The winner of one of the nation’s largest literary awards, the George Washington Book Prize, was announced Wednesday evening, May 20, at a black-tie gala at George Washington’s Mount Vernon. The $50,000 prize went to Nick Bunker’s An Empire on the Edge: How Britain Came to Fight America (Knopf).

The George Washington Book Prize honors the year’s best new books on early American history, especially books that are written for a broad audience. The three institutions that sponsor the prestigious prize — Washington College, the Gilder Lehrman Institute of American History, and George Washington’s Mount Vernon — are devoted to furthering historical scholarship that contributes to the public understanding of the American Revolution and the founding era.

An Empire on the Edge is a probing account of Great Britain’s internal political and financial tensions on the eve of revolution. Drawing on a careful study of primary sources from Britain and the United States, Bunker crafts a compelling story of the deepening antagonism between England and her colonies, giving equal weight to the commercial as well as the political ambitions of the British Empire.  Bunker’s series of fully visualized scenes of familiar events like the Boston Tea Party and lesser-known episodes such as the Gaspee Affair, provides a nuanced description of the Anglo-American conflict.

An independent scholar in Lincolnshire, England, Bunker was formerly a journalist for the Financial Times and an investment banker.

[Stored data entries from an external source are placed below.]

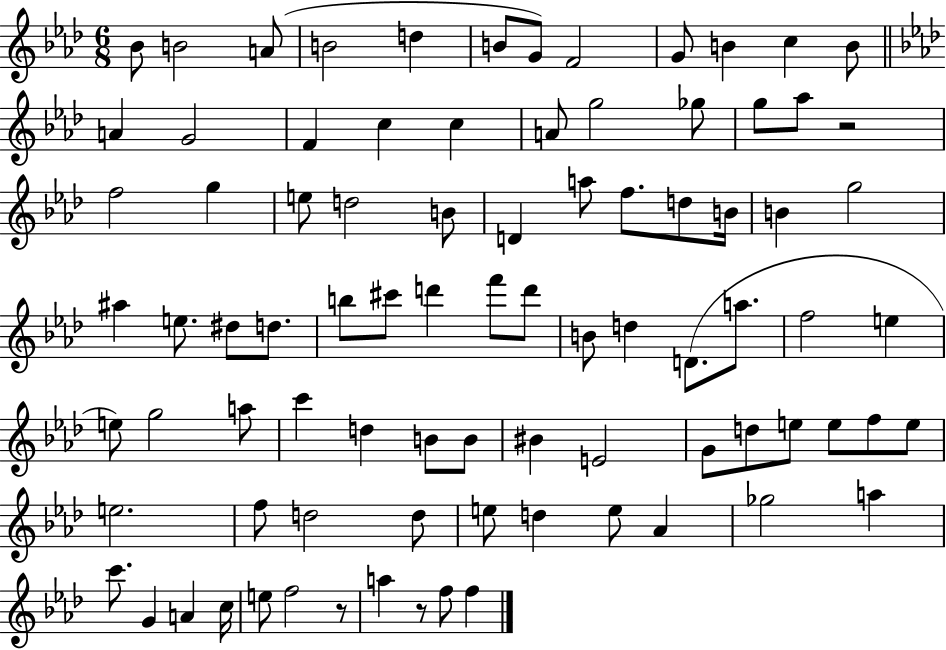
{
  \clef treble
  \numericTimeSignature
  \time 6/8
  \key aes \major
  bes'8 b'2 a'8( | b'2 d''4 | b'8 g'8) f'2 | g'8 b'4 c''4 b'8 | \break \bar "||" \break \key aes \major a'4 g'2 | f'4 c''4 c''4 | a'8 g''2 ges''8 | g''8 aes''8 r2 | \break f''2 g''4 | e''8 d''2 b'8 | d'4 a''8 f''8. d''8 b'16 | b'4 g''2 | \break ais''4 e''8. dis''8 d''8. | b''8 cis'''8 d'''4 f'''8 d'''8 | b'8 d''4 d'8.( a''8. | f''2 e''4 | \break e''8) g''2 a''8 | c'''4 d''4 b'8 b'8 | bis'4 e'2 | g'8 d''8 e''8 e''8 f''8 e''8 | \break e''2. | f''8 d''2 d''8 | e''8 d''4 e''8 aes'4 | ges''2 a''4 | \break c'''8. g'4 a'4 c''16 | e''8 f''2 r8 | a''4 r8 f''8 f''4 | \bar "|."
}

Bunker’s background in finance is evident in his insightful portrait of London’s speculative cycles, the financial woes of the East India Company, and the networks of global trade that put the imperial system “slipping into ruin.”

In addition to claiming the Washington Book Prize, An Empire on the Edge was recently announced as a finalist for the 2015 Pulitzer Prize in history, earning praise for its “bifocal perspective on the countdown to the American Revolution.” Empire on Edge is Bunker’s second book: he previously authored Making Haste from Babylon: The Mayflower Pilgrims and Their World: A New History (2010). ...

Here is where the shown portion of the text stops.